One of the most intriguing things to me about the fourth gospel is that, whether or not Mary Magdalene is the Beloved Disciple, there seems to be some tension between that Beloved Disciple and Peter:
- in 13:23-26 the Beloved Disciple is resting on Jesus' chest while Peter has to petition the Disciple to ask Jesus a question for him;
- in 18:15-16 the Beloved Disciple has access to the high priest's palace while Peter does not;
- in 20:2-10 the Beloved Disciple immediately believes in the Resurrection while Peter and the rest of the disciples do not understand;
- in 21:7 the Beloved Disciple is the only one who recognizes the Risen Christ while he speaks from the shore to the disciples on their fishing boat;
- in 21:20-23 Peter jealously asks Jesus about the fate of the Beloved Disciple.
One of the foremost authorities on the fourth gospel is, of course, the late Ray Brown. He argues that there was a "Johannine community," centered on the figure of the Beloved Disciple, that existed independently of the "head office" of the church, in Jerusalem, led by Peter and James. There was some tension between this community and the "head office," though they had not broken fellowship.
Then, in the AD 60s-80s, tension also flared within the Johannine community resulting in a break between one faction that went "gnostic," and another faction that eventually united with the Jerusalem church, bringing with them their sacred text, the fourth gospel, which was then integrated into what would later become the canonical scriptures. It is certainly not beyond the realm of possibility to imagine a scenario whereby the Jerusalem church happily welcomes the Johannine faction, and their holy book, provided that certain editorial changes be made.

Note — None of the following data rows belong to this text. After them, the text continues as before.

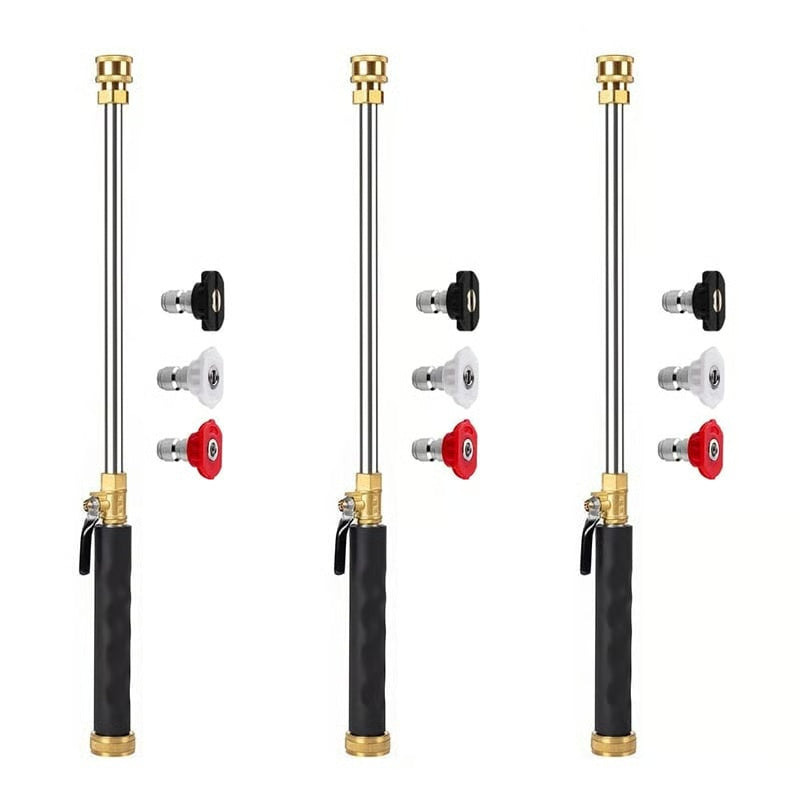 Professional Three-Nozzle Power-Boosting Garden Hose High-Pressure Washer Wand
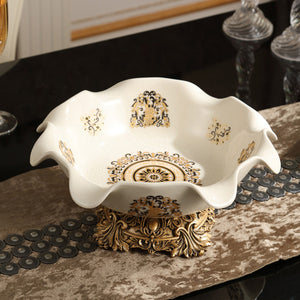 Dazzling Beauty Ceramic Serveware - Off White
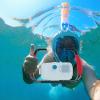 Gugxiom Underwater Diving Rig with Dual Cold Shoe Mount, Action Camera Cage Dive Rig, Handheld Stabilizer for Action Cameras (Red) view 2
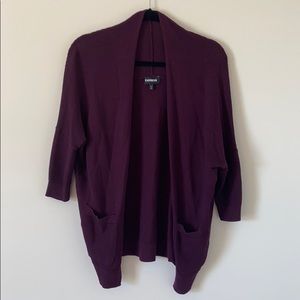 Express Plum Cartigan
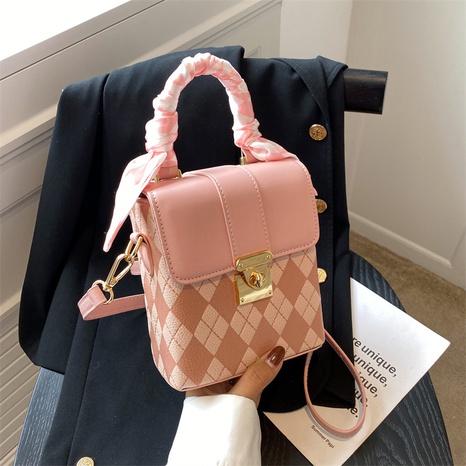 Women'S Fashion Classic Style Solid Color Soft Surface Square Buckle Shoulder Bag Handbag Square Bag Pu Leather Shoulder Bags's discount tags
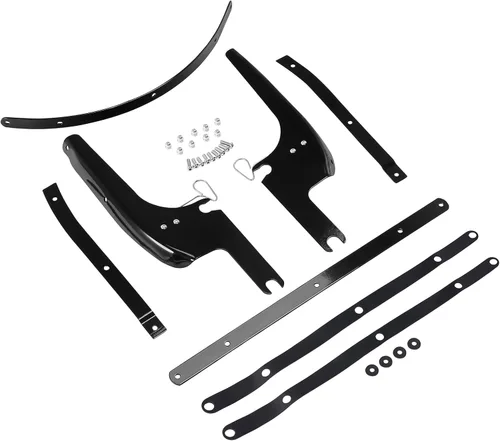 Vista 2 de XFMT Kit de Montaje de Soporte de Pantalla Parabrisas Compatible con Harley Touring Road King FLHR 1994-2023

It would answer the question of why Mary Magdalene is so prominent in the cross and resurrection accounts of all four gospels, but virtually invisible otherwise. (The only other place is Luke 8 where Luke mentions Mary Magdalene "from whom seven demons had gone out," and who apparently helped provide financially for Jesus.) Justino speculates that the place of Mary Magdalene in the cross and resurrection accounts was well known among the early Christians, and she couldn't be edited out of the story without it being obvious.